Ocean ventilation at the mesoscale
Directeurs.rices de thèses : Speich S.
Composition du jury
Laurent BOPP (LMD, ENS) : President of jury
Lynne TALLEY (Scripps, USCD) : Reviewer
Xavier CARTON (LOPS, UBO) : Reviewer
Rosemary MORROW (LEGOS, UPS) : Examiner
George NURSER (NOC) : Examiner
Nicholas KOLODZIEJCZYK (LOPS, UBO) : Examiner
Sabrina SPEICH (LMD, ENS): Thesis directer
Within the Earth’s climate system, the ocean is engaged as a huge reservoir of important properties such as heat and carbon, predominantly resulting from exchanges with the atmosphere on timescales from hours to millennia. Such large volume of storage in the ocean interior thus questions the mechanisms of water property transport and distribution, leading to the concept of ocean ventilation, a process that connects ocean surface waters with the interior. Commonly associated with an increase in density of surface waters, ventilation is typically interpreted as a downward transfer of water masses due to stability and other fine-scale processes. Understanding the dynamics and thermodynamics of water mass formation, ventilation and dissipation, is therefore one of the key scientific challenges confronting the entire climate community.
In this thesis, several processes related to ventilation have been discussed and a specific attention has been given to the mesoscale whose typical length is less than 100 km and timescale spans on the order of a month. The largest proportion of mesoscale kinetic energy is contained by coherent vortices, known as mesoscale eddies, which are nearly geostrophic and can have the vertical extent down to the thermocline. Aimed at a combination between the ventilation theory and mesoscale dynamics, the first part of this thesis has been devoted to a revisit to the theory of subduction at the bottom of mixed layer that quantifies long-term (permanent) transport of surface water masses into the main thermocline. Interpreted as a transient state in the subduction process, mode waters are a specific type of water mass homogeneous in properties (i.e., characterized by low potential vorticity) and residing between the seasonal and main thermoclines.

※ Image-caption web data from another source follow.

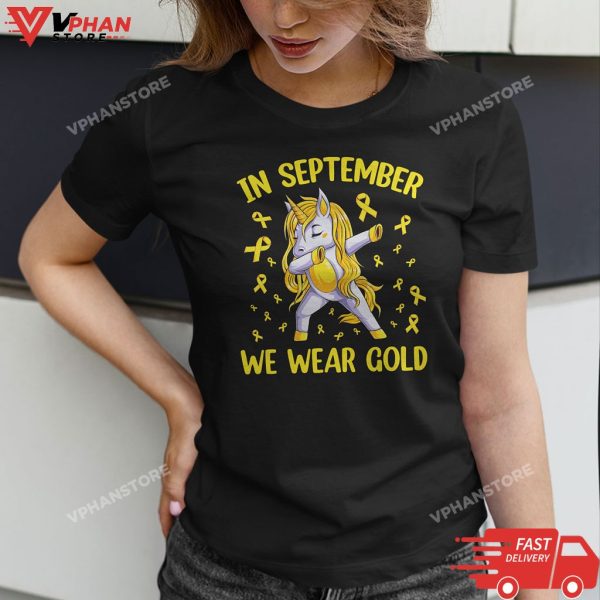 Childhood Cancer Awareness In September We Wear Gold Unicorn T-Shirt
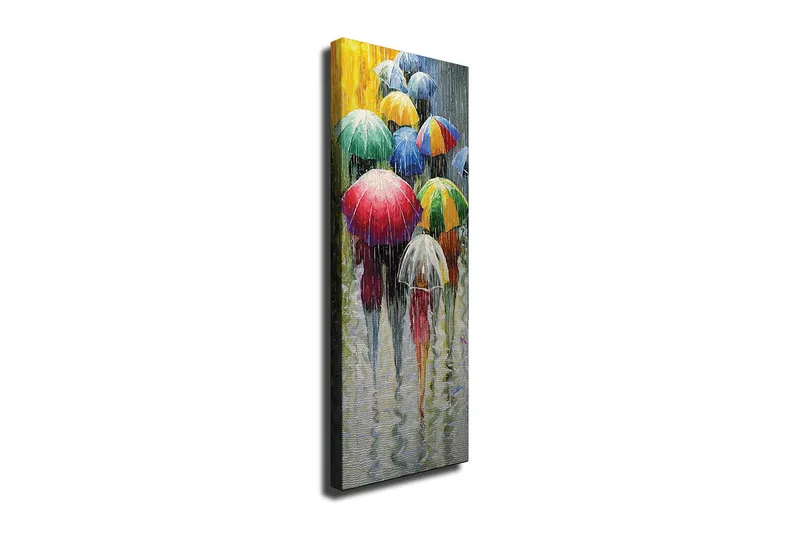 Canvastaulu 30x80 cm - Värikkäät sateenvarjot sateisessa maisemassa - Punainen / Vihreä / Sininen - Sisustustuotteet - Taulu & taide - Canvas-taulu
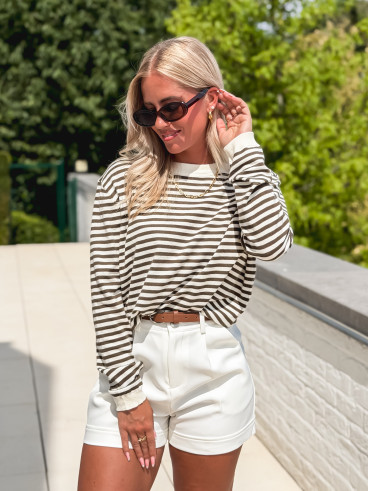 Pull ligné Shania - Ecru/Kaki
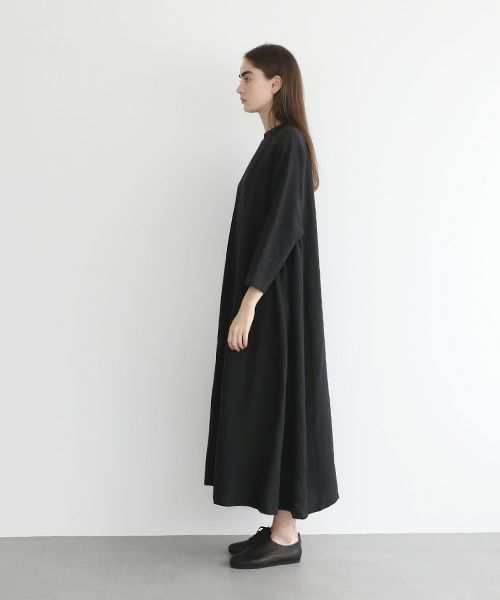Mochi.モチ.linen trapeze dress [ms22-op-04/black]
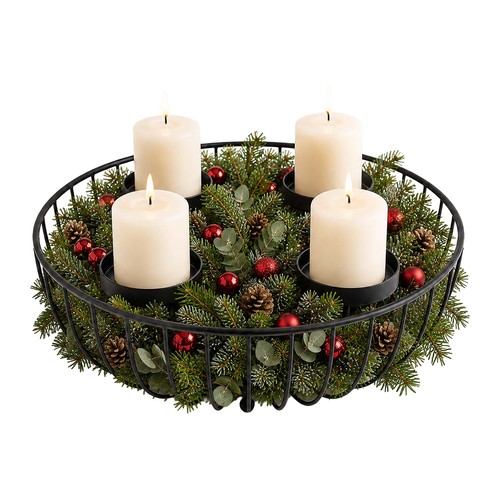 Adventskranz metallschale - adventskranz,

Such transiency of mode waters is associated with their formation mechanism largely due to surface buoyancy forcing that is season-dependent. The second part of this thesis is thus related to an algorithm development to detect more precisely than other available methods the surface mixed layers and mode waters from several profiling databases. By co-locating mode waters with mesoscale eddies identified from the satellite altimetry, it is possible to quantify 1) the percentage of mode waters carried by eddies in an Eulerian sense, and 2) anomalies of temperature, salinity and others transported within eddies in a Lagrangian framework. Accordingly, a revisit to global mode water distribution has been provided, in terms of their dynamics and thermodynamics at the mesoscale. The South Atlantic Subtropical Mode Water has been considered as a special example and brought into details in the last chapter, since it not only forms according to the typical baroclinity at the western boundary, but also develops due to a large amount of inter-basin transport carried by anticyclonic Agulhas Rings shedding from the Indian Ocean.
Apart from the thermohaline perspective of ocean circulation and ventilation, i.e., surface convection and its significance on mode water formation and renewal, this thesis also provides an assessment on the wind-driven aspect and a combination of these two components. In specific, we extended the Ekman dynamics to allow for an influence from geostrophic motions and self-advection. A brief discussion on diapycnal and more complex physics of ventilation at the mesoscale is also presented.